» YOUR INSTRUCTIONS: Restate word for word the entries below, starting at the line with "315, 500 Rocky" and ending at the line with "Bumblebee Technologies Bangladesh Ltd logo, Bumblebee". Keep both end lines and omit the pictures.

» EXCERPTED DATA:
Content starts

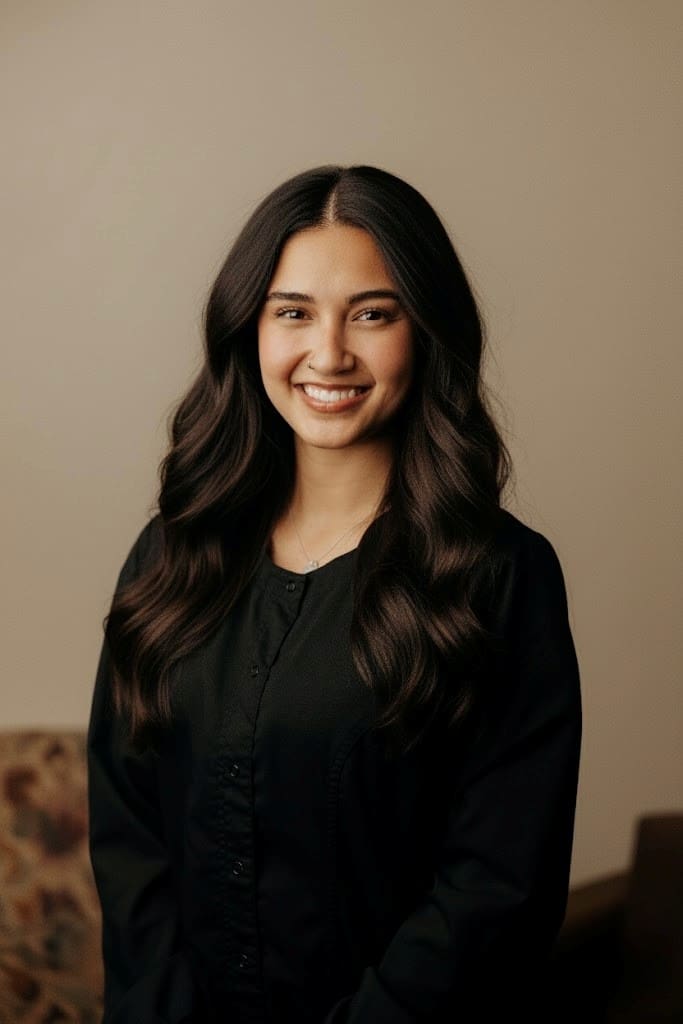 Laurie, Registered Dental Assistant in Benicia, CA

Content ends
Content starts

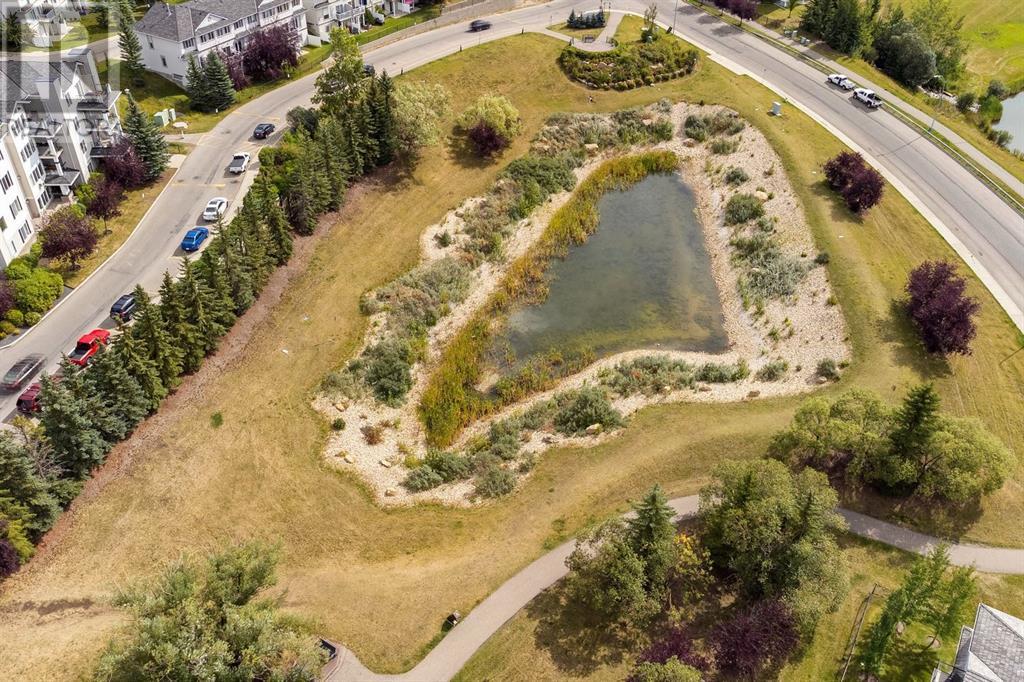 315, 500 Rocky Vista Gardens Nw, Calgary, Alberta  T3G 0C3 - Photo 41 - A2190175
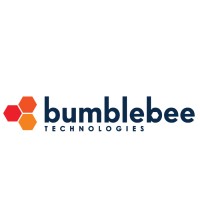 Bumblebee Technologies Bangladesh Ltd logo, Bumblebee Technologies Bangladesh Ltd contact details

Content ends

» ANSWER AREA:
 315, 500 Rocky Vista Gardens Nw, Calgary, Alberta  T3G 0C3 - Photo 41 - A2190175
 Bumblebee Technologies Bangladesh Ltd logo, Bumblebee Technologies Bangladesh Ltd contact details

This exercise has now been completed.